Stored data

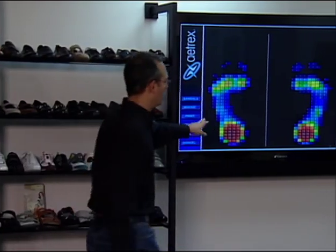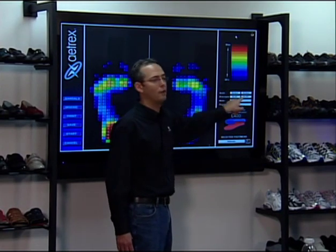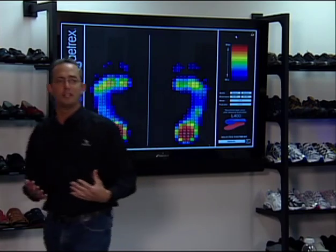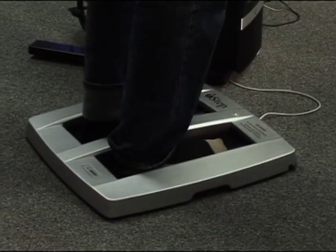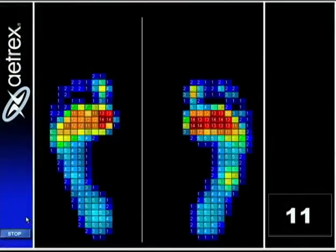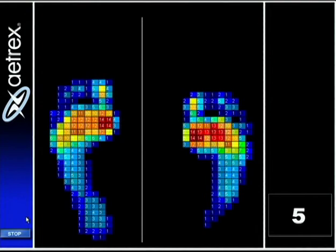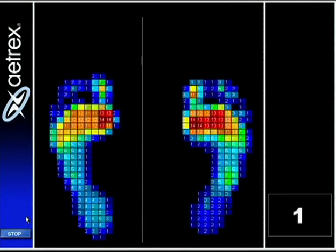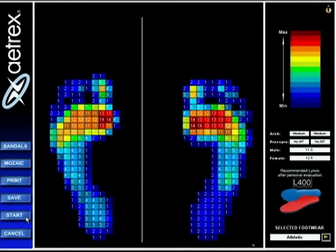If you look on the right-hand side, it says arch, pressure, male, female for sizing — and no met, no met — meaning that for both feet, it's recommending not having a metatarsal pad. I'm going to stand on this machine and lean forward to try to generate a lot of pressure in the forefoot, just to show how it works. We got 3 in a row for 14, so I still won't qualify for a metatarsal pad. It says no met, no met.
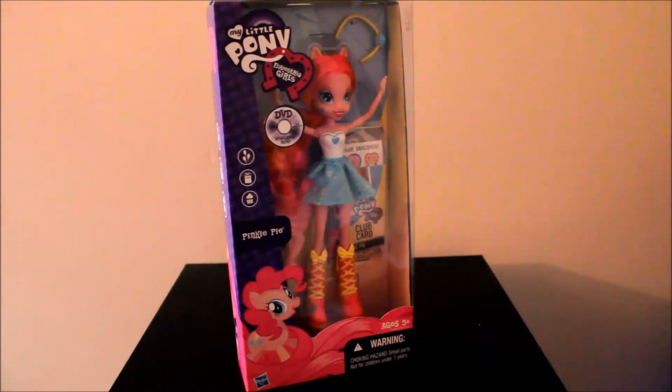Hey everyone, I have another My Little Pony Equestria Girls doll review for you, and tonight we have Pinkie Pie.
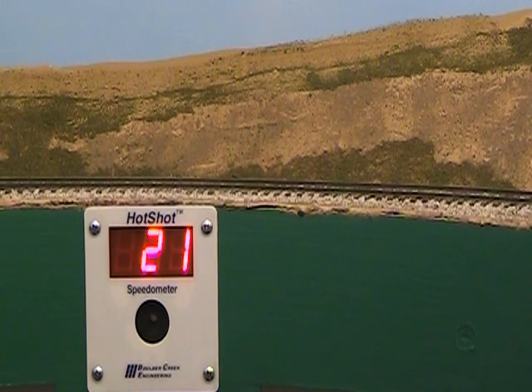Hotshot comes with two photo sensors for normal room lighting and can use our Nightscope infrared detectors for low or no light conditions.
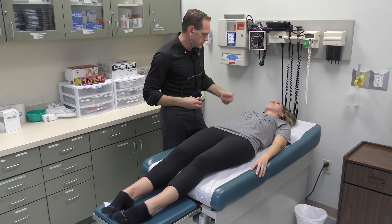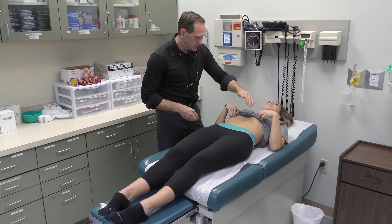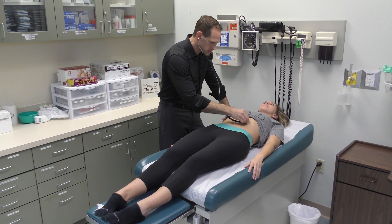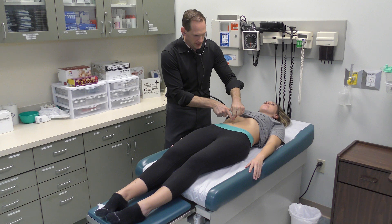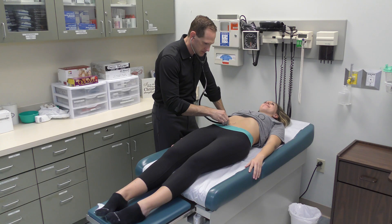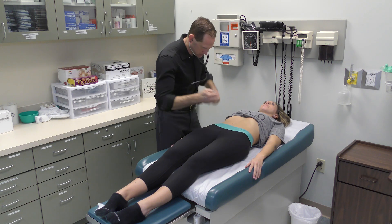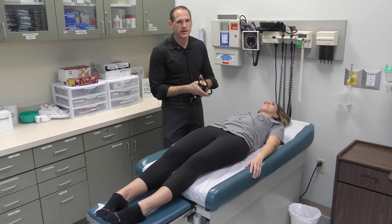Next we're going to listen to the abdominal pulses. Here we have the patient's costal margin and the umbilicus. Just below the costal margin we have the aorta. Then just a little bit lower to the sides we have the renal arteries. From the umbilicus going at a 45-degree angle outwards we have the iliac arteries. And just inside the iliac crest we have the femoral arteries. We've now auscultated the abdominal arteries and are ready to palpate.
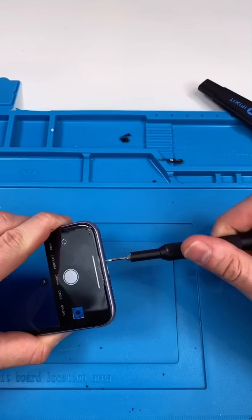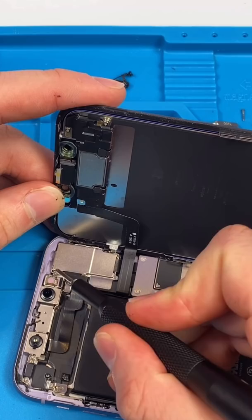So your phone's camera has some black dots. I'm going to show you how to fix it. Unscrew. Open it up.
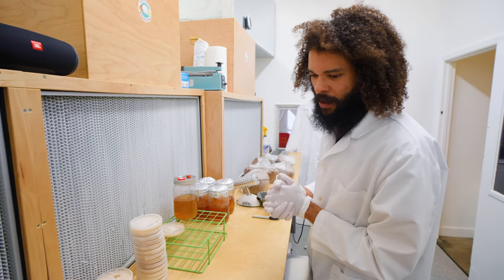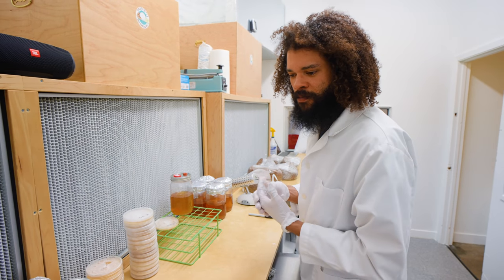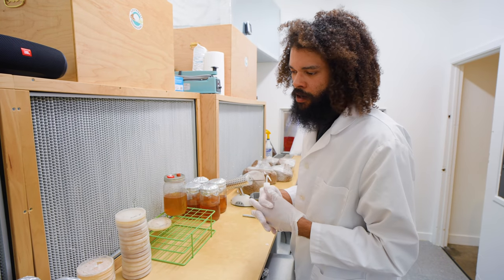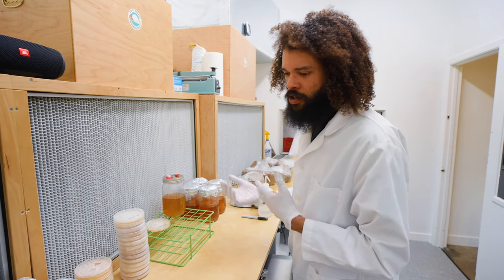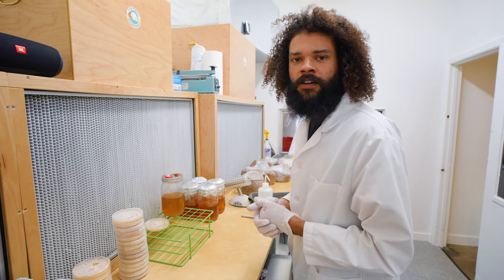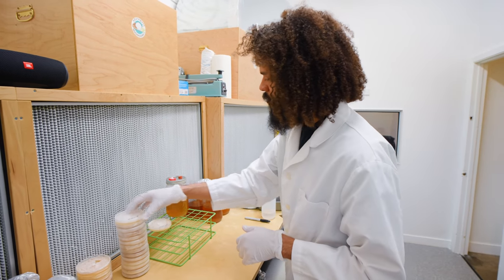We're basically trying to back up the whole library. This is the majority of the strains we grow — not all of them — but we're turning it all into a liquid culture reserve to have on hand, because sometimes it's really nice just having that liquid culture available.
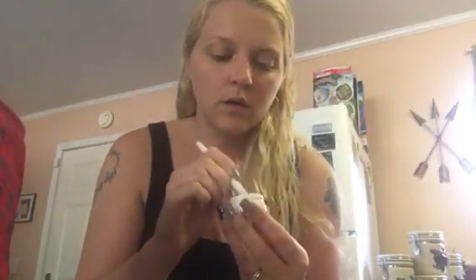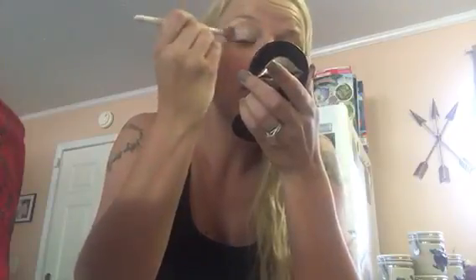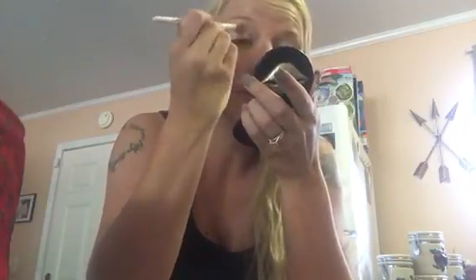All I do is put several coats on — I don't know if y'all are going to be able to see this but we'll try. This is probably going to be two or three videos because when I get to my eyelashes it always takes a while. I'm weird — sometimes I'll do just one eye and then most of the time I'll do two at a time.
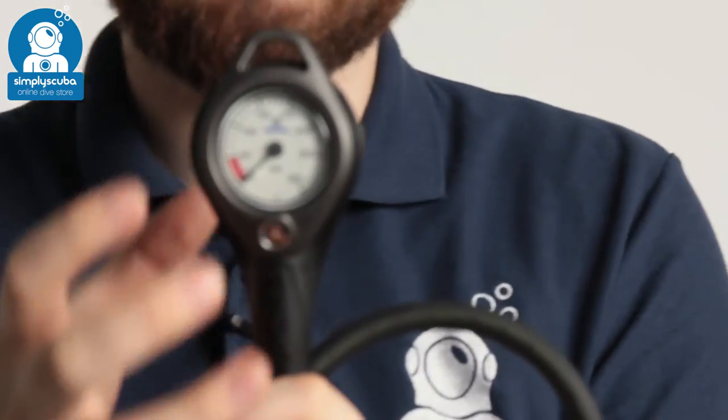Hi, welcome to Simply Scuba. Here we have the Apex Single Pressure Gauge. This is a single SPG.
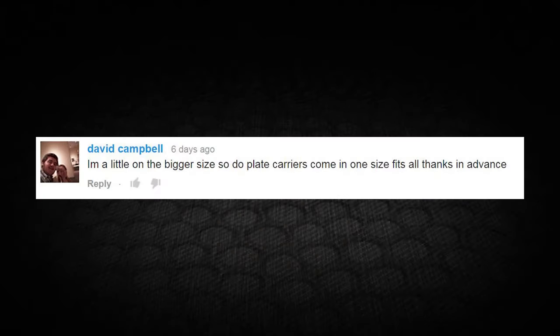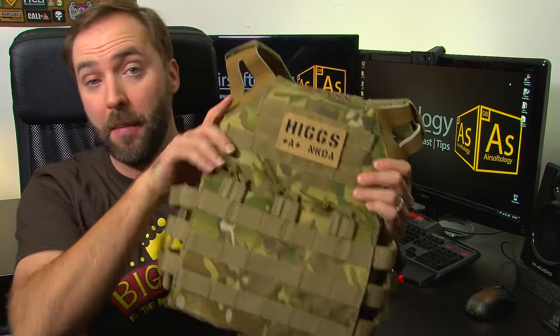First up, David Campbell writes: "I'm a little on the bigger side — do plate carriers come in one size fits all? Thanks in advance." Kind of, sort of, yeah. Plate carriers are sized small, medium, large, extra large and so on, but that sizing is not about how it fits you — it's about how it fits the plate that goes inside the carrier. This one actually has some fake plates in it, so it's a size medium. I'm about six foot tall, around 175 to 180 pounds, and I fit a medium. The way you measure is clavicle to belly button — I'll get a link, I've done a video on this before.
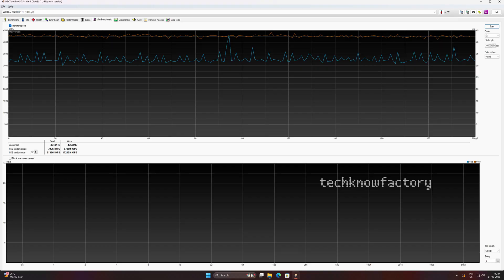Next, HDTune Pro software is used for benchmarking to test read and write speeds and check consistency. Here we copy a 200 GB file and observe the graph of the read and write speeds. The graph shows consistent speed throughout the test.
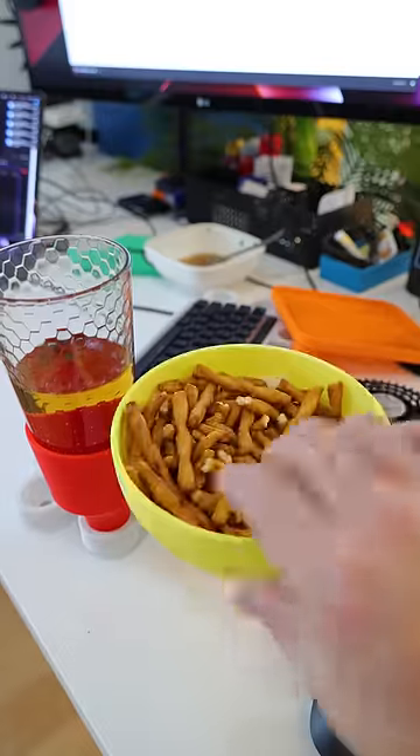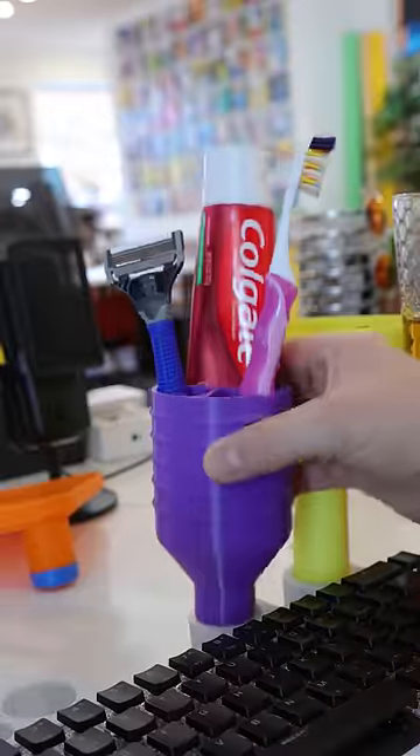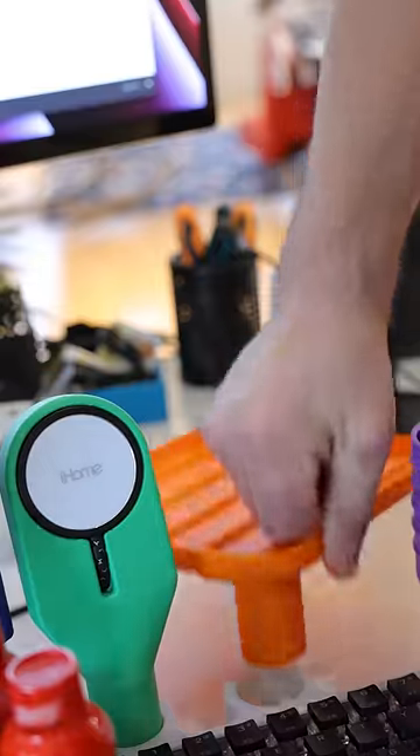So we've got a cup holder, a bowl for snacks, a fan for staying cool, a holster for five-hour energies, a hygiene station, a MagSafe phone charger, and a plate.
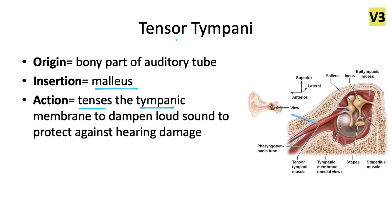It might be easy to remember that because the tensor velli palatini was the only soft palate muscle innervated by V3. So you can think of both tensor muscles fitting into that exception category and being innervated by this nerve. Remember that the first pharyngeal pouch contributes to the auditory tube as well as the middle ear, so it makes sense that this muscle would be innervated by the nerve of the first pharyngeal arch.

Exercise
A verbatim copy is needed of the lines running from the line with "Next, HDTune Pro" to the end of the data above, both included. Keep the pictures out of it.

Result below
Next, HDTune Pro software is used for benchmarking to test read and write speeds and check consistency. Here we copy a 200 GB file and observe the graph of the read and write speeds. The graph shows consistent speed throughout the test.
So we've got a cup holder, a bowl for snacks, a fan for staying cool, a holster for five-hour energies, a hygiene station, a MagSafe phone charger, and a plate.
It might be easy to remember that because the tensor velli palatini was the only soft palate muscle innervated by V3. So you can think of both tensor muscles fitting into that exception category and being innervated by this nerve. Remember that the first pharyngeal pouch contributes to the auditory tube as well as the middle ear, so it makes sense that this muscle would be innervated by the nerve of the first pharyngeal arch.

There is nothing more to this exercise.